**Work instructions:**
Word for word, copy out the data below, omitting pictures.

**Supplied data:**
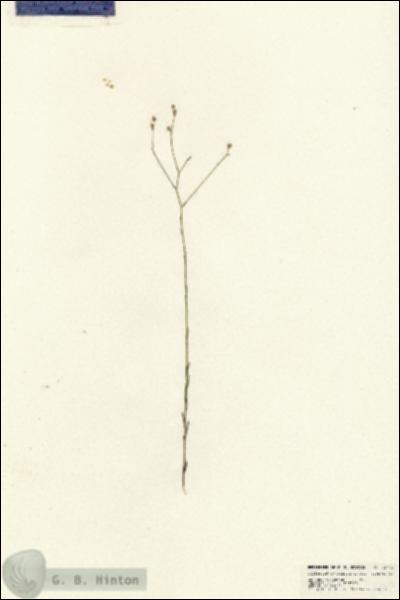 URN_catalog_HBHinton_herbarium_25703.jpg.jpg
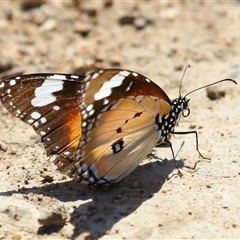 Danaus petilia at Molonglo, ACT - 16 Oct 2024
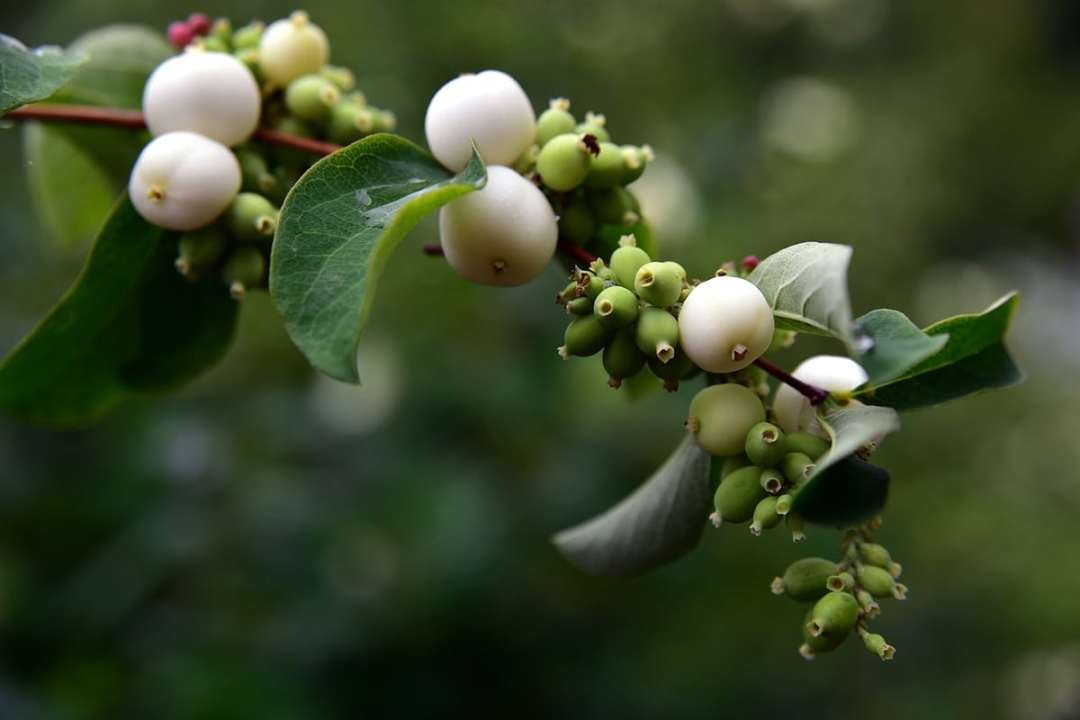 snowberry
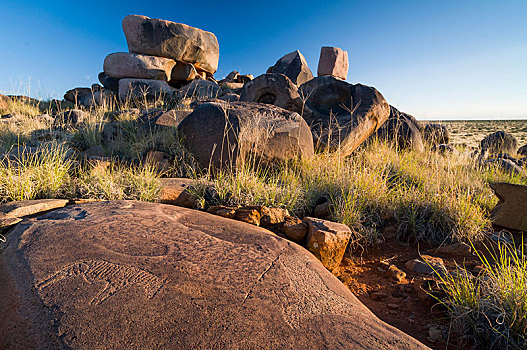 岩刻,石头,雕刻,原住民,靠近,北开普,南非,非洲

**Output:**
 URN_catalog_HBHinton_herbarium_25703.jpg.jpg
 Danaus petilia at Molonglo, ACT - 16 Oct 2024
 snowberry
 岩刻,石头,雕刻,原住民,靠近,北开普,南非,非洲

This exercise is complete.